A native 3D vision transformer self-supervised on unlabeled fluorescence microscopy volumes that generalizes to unseen object classes without retraining or voxel annotations.
SpatialDINO is a self-supervised 3D vision foundation model for fluorescence microscopy, developed in Tom Kirchhausen's laboratory at Harvard Medical School and released as a preprint in December 2025. It tackles a persistent bottleneck in volumetric bioimage analysis: deep-learning models for detecting, segmenting, and tracking subcellular structures in 3D typically require dense, manually drawn voxel annotations, which are extraordinarily labor-intensive to produce and tie a trained model to the specific object classes it was supervised on. SpatialDINO sidesteps this by learning general-purpose 3D representations from unlabeled microscopy volumes alone.
The model adapts the DINOv2 self-supervised learning framework into a native 3D vision transformer that operates directly on image volumes rather than slice-by-slice. By training on raw, unannotated fluorescence microscopy data, SpatialDINO learns features that capture the geometry and appearance of subcellular structures without ever being told what those structures are. The central claim of the work is generalization: a single pretrained model transfers to object classes it never saw during training — including plasma membranes, nuclei, and even tumors in MRI volumes — without any retraining or voxel-level labels.

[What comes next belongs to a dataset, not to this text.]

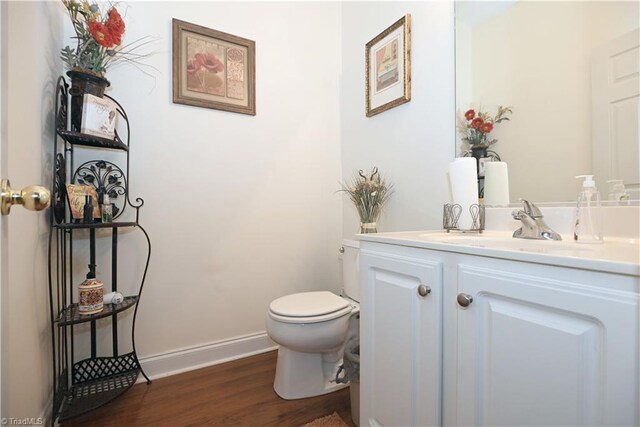 bathroom with hardwood / wood-style floors, vanity, and toilet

SpatialDINO sits within the broader movement to bring self-supervised vision foundation models, which have reshaped natural-image analysis, into volumetric biological imaging. Its emphasis on native 3D processing and annotation-free transfer distinguishes it from segmentation tools that depend on task-specific supervised training.
SpatialDINO extends the DINOv2 self-supervised paradigm into a native 3D vision transformer trained on unlabeled fluorescence microscopy volumes. The architecture processes volumetric data end-to-end, producing features that can be applied to detection, segmentation, and tracking tasks downstream. A notable practical point is the scale of pretraining: the authors describe training on a relatively modest corpus of confocal volumes, yet report transfer to object classes and even imaging modalities (MRI) outside the training distribution. This data efficiency, combined with the absence of voxel-level annotation, is the model's principal contribution. Full architectural parameters and quantitative benchmark results are detailed in the preprint and should be confirmed against the peer-reviewed version.
SpatialDINO is aimed at cell biologists and imaging scientists who work with 3D fluorescence microscopy and need to detect, segment, or track subcellular structures without investing in extensive manual annotation. Because the model generalizes to unseen object classes, a single pretrained backbone can be reused across diverse experiments — different organelles, cell types, or even other volumetric modalities such as MRI — lowering the cost of analysis for labs that cannot produce large annotated training sets. This makes it well suited to exploratory imaging studies and high-content volumetric assays.
By demonstrating that a self-supervised 3D vision transformer trained on modest, unlabeled microscopy data can generalize across object classes and modalities, SpatialDINO points toward annotation-free foundation models for volumetric bioimaging — an area where labeling costs have long limited the reach of deep learning. Its broader influence will depend on independent evaluation and uptake by the imaging community. Availability is a limitation to note: the preprint does not provide public code or model weights, it is released under a non-commercial, no-derivatives license, and the pretraining corpus is small, so the breadth of generalization beyond the reported cases remains to be established by others.